* Task requirements:
Return, exactly and with nothing added, the line with "6709 PEMBERTON St, Bethesda, MD 20817" together with all lines after it through the end of the data below. No pictures belong in the copy.

* Dataset records:
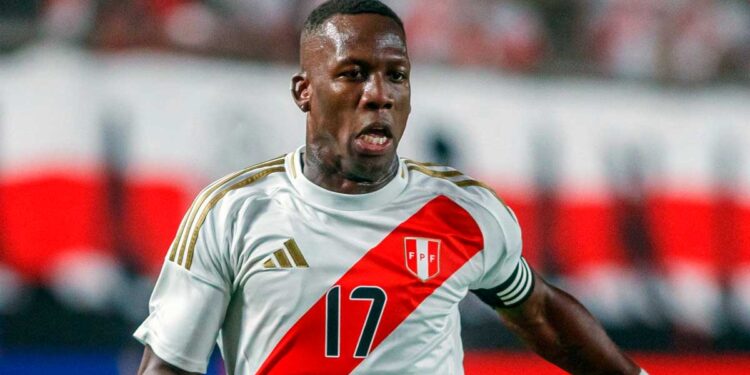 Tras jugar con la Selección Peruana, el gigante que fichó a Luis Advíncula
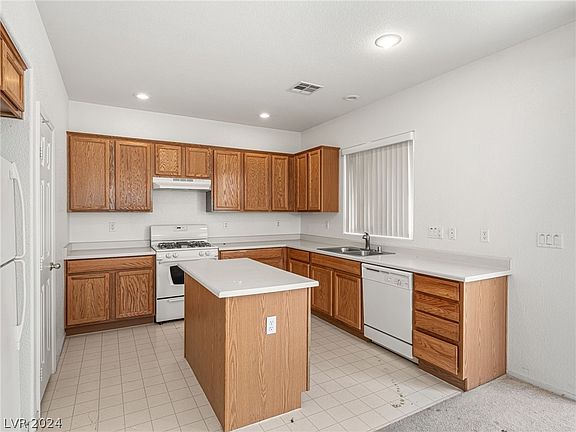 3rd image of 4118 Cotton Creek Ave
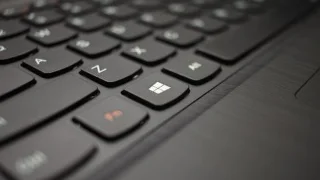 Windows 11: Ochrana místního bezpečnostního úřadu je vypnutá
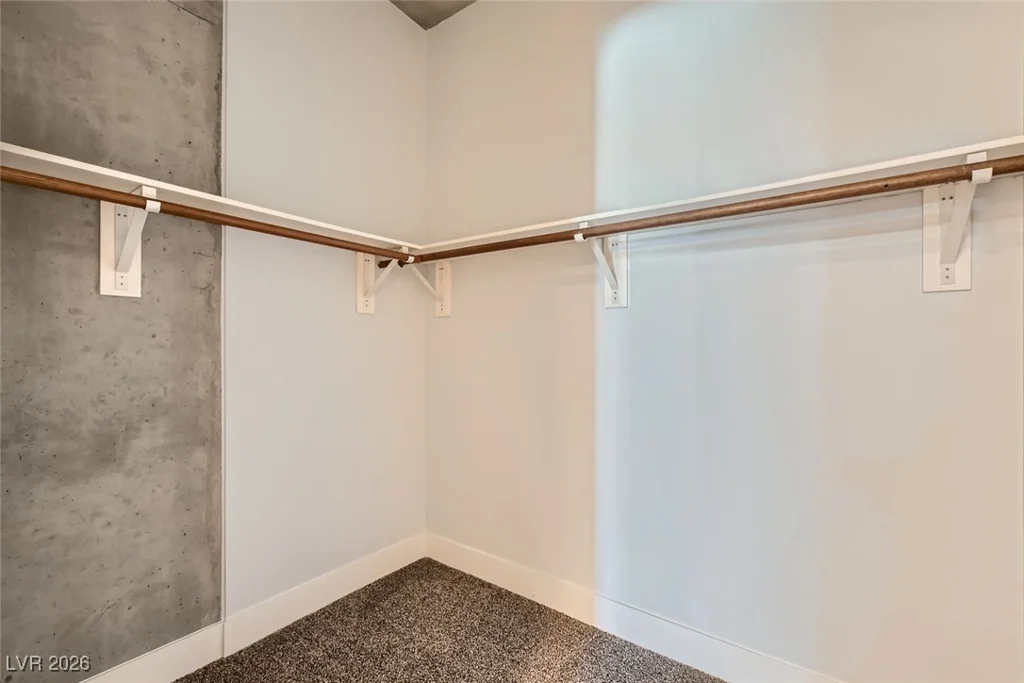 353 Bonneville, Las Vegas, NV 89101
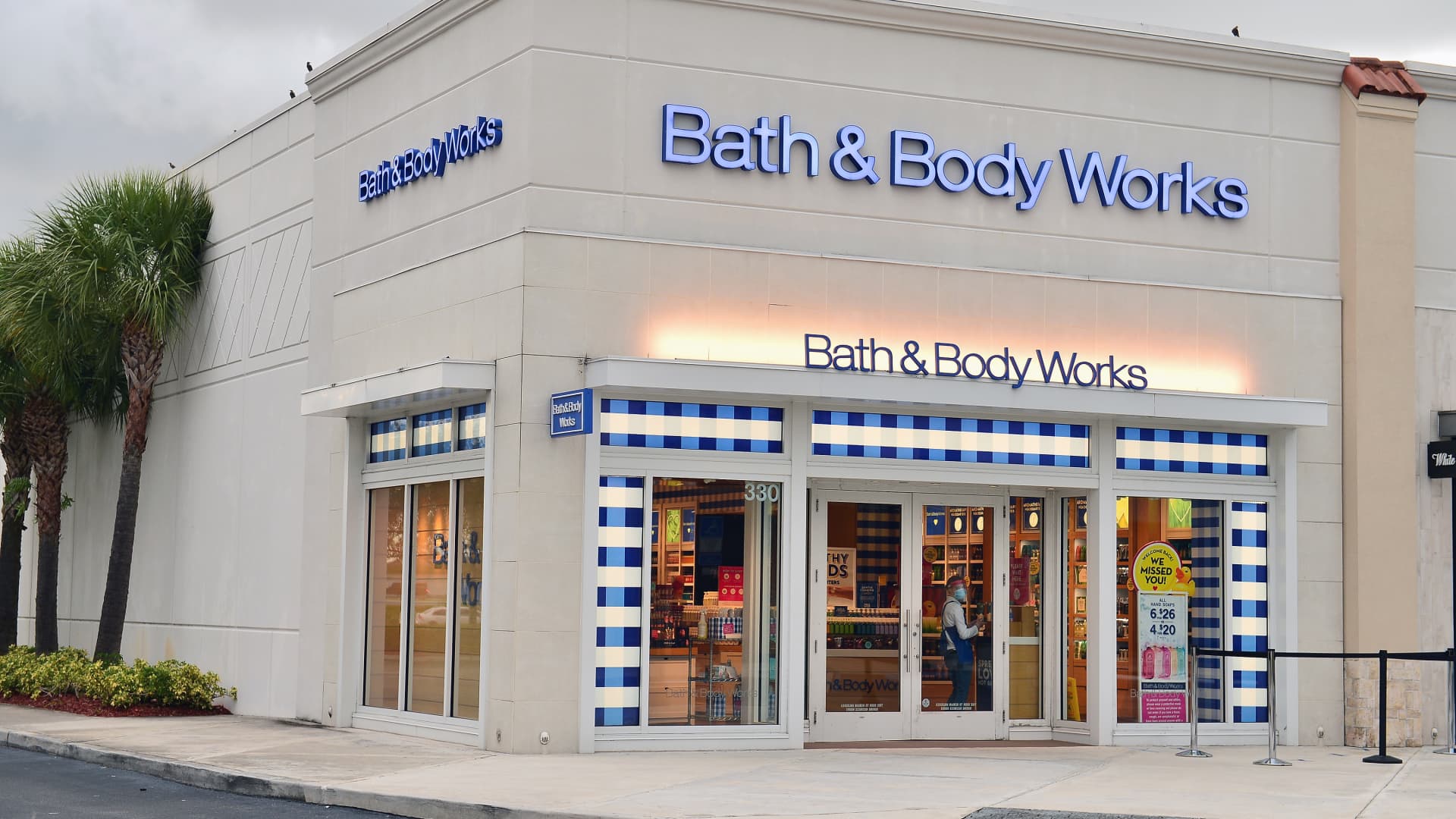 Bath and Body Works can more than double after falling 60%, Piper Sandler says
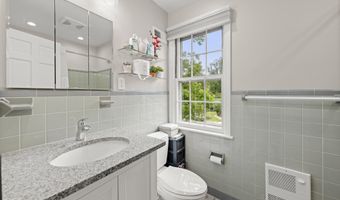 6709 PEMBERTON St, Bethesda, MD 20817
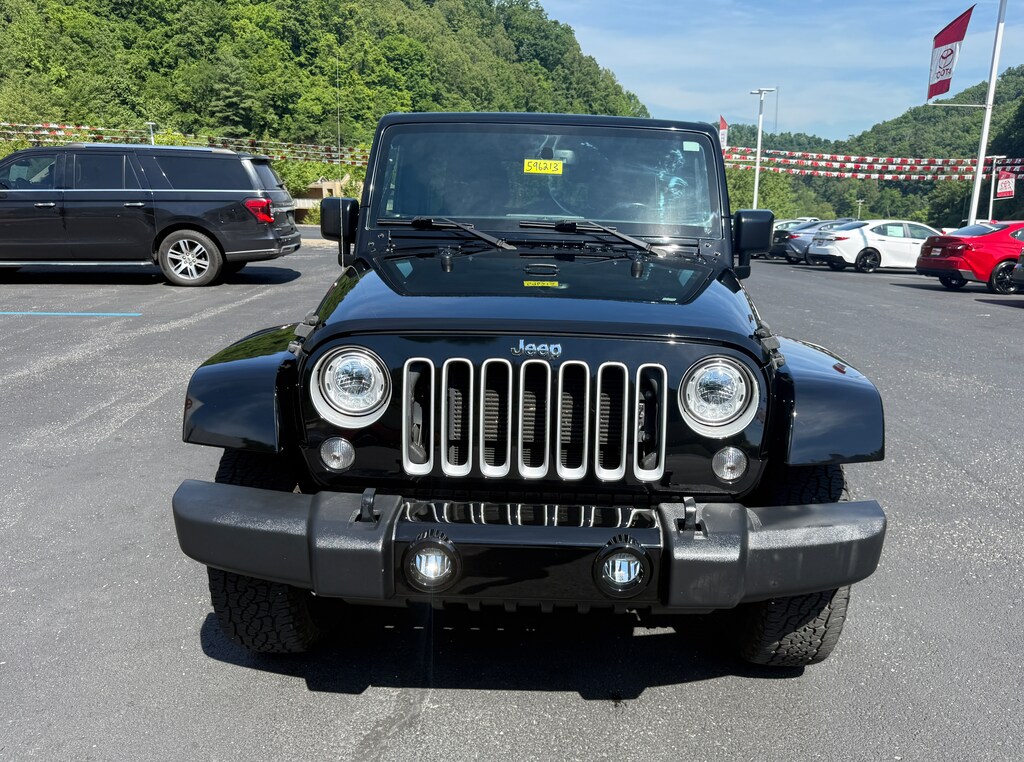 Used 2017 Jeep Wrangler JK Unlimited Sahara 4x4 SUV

* Response:
 6709 PEMBERTON St, Bethesda, MD 20817
 Used 2017 Jeep Wrangler JK Unlimited Sahara 4x4 SUV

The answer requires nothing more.